* [WHAT THIS TASK INVOLVES] Each line from the one that holds "GUT BIO Bio-Gemüsepasta" to the end of the entries is to be given again exactly. Do not include pictures.

━━━━━ GIVEN RECORDS ━━━━━

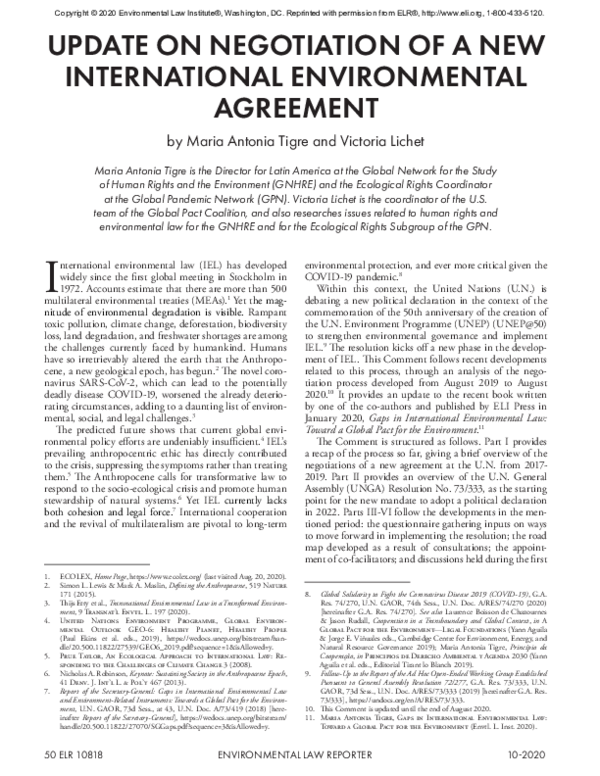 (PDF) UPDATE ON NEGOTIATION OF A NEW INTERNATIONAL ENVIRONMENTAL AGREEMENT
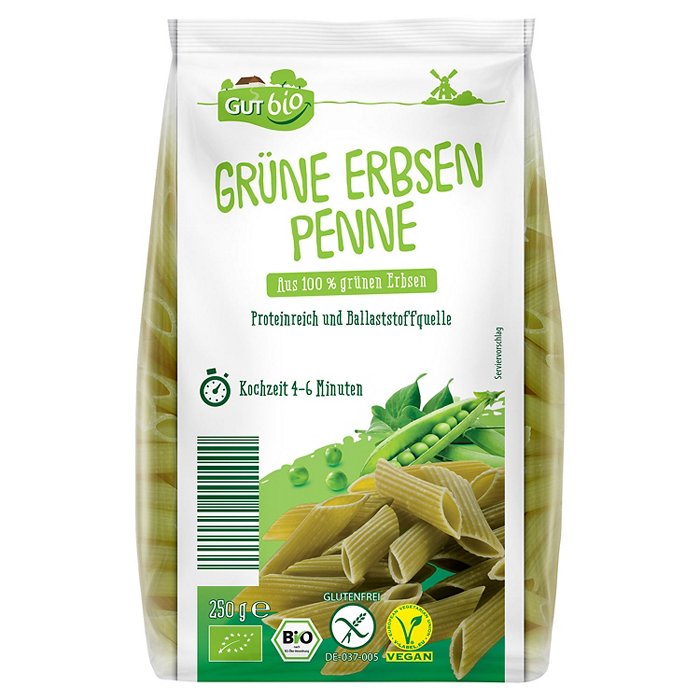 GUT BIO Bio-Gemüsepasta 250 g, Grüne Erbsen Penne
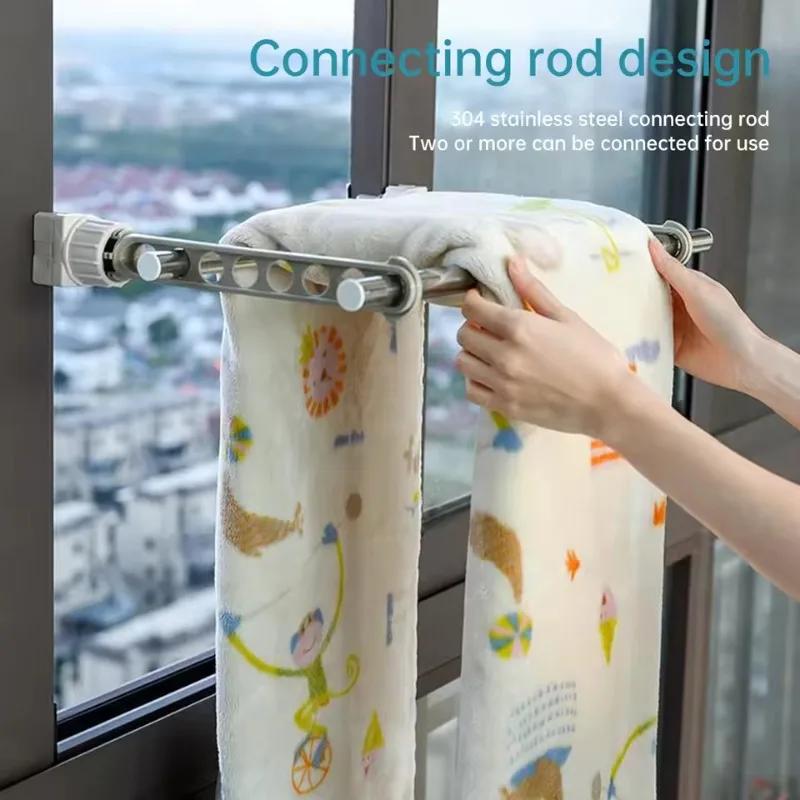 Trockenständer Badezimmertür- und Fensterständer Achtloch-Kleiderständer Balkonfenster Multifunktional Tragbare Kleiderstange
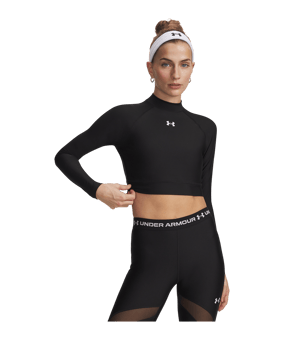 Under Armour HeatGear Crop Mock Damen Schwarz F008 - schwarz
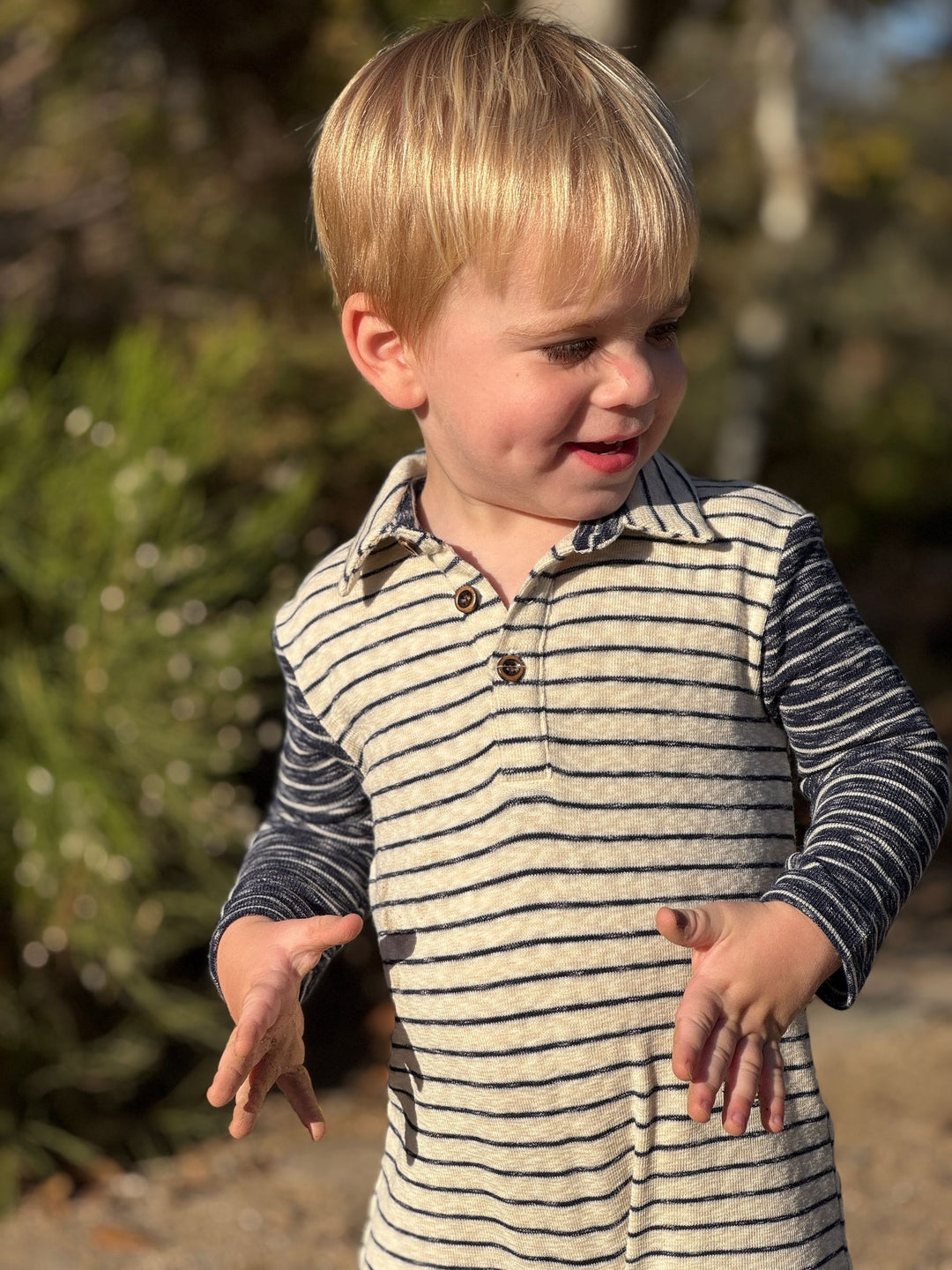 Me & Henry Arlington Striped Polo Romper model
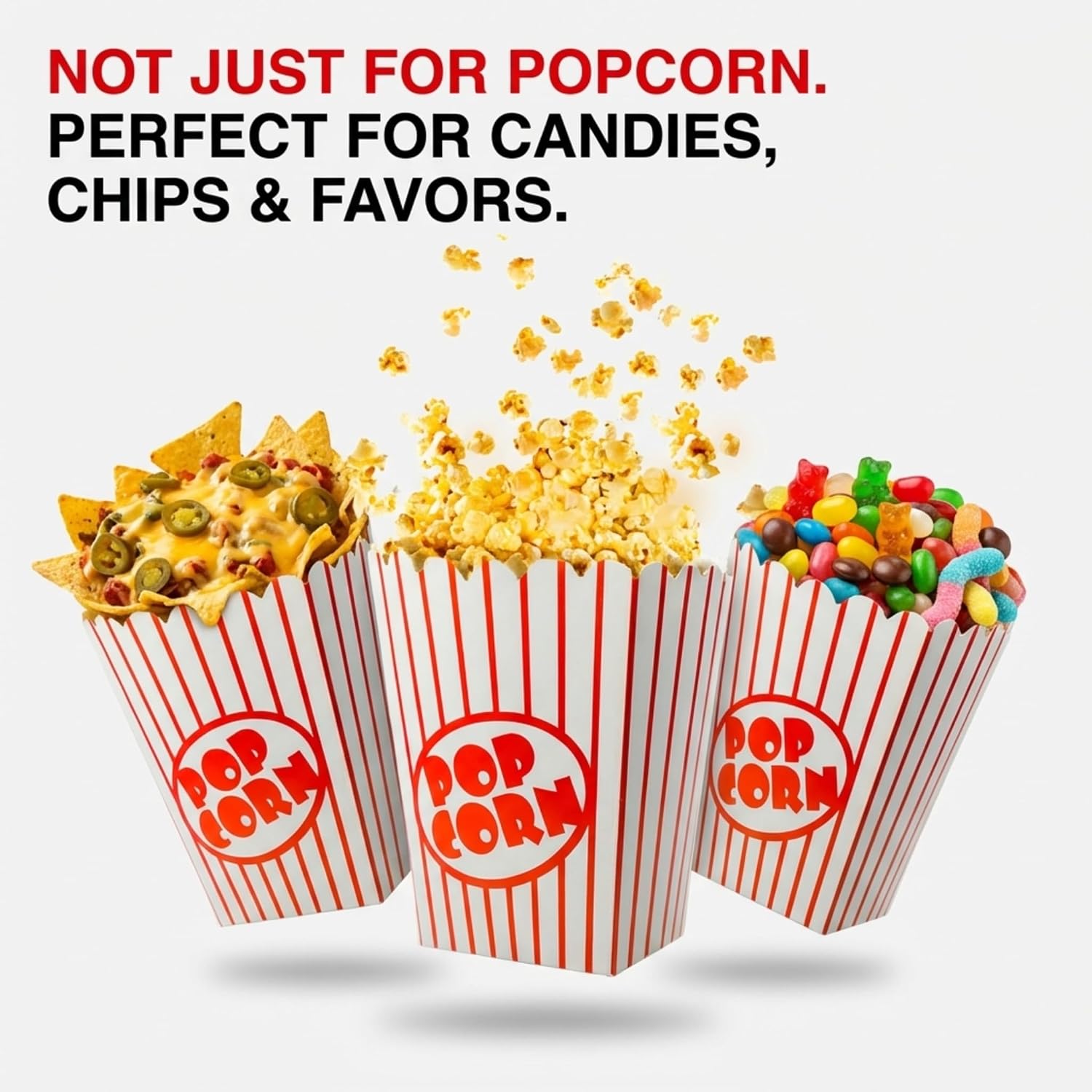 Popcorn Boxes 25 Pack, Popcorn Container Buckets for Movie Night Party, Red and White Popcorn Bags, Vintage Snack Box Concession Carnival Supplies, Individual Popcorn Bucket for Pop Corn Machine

━━━━━

* [ANSWER SECTION]
 GUT BIO Bio-Gemüsepasta 250 g, Grüne Erbsen Penne
 Trockenständer Badezimmertür- und Fensterständer Achtloch-Kleiderständer Balkonfenster Multifunktional Tragbare Kleiderstange
 Under Armour HeatGear Crop Mock Damen Schwarz F008 - schwarz
 Me & Henry Arlington Striped Polo Romper model
 Popcorn Boxes 25 Pack, Popcorn Container Buckets for Movie Night Party, Red and White Popcorn Bags, Vintage Snack Box Concession Carnival Supplies, Individual Popcorn Bucket for Pop Corn Machine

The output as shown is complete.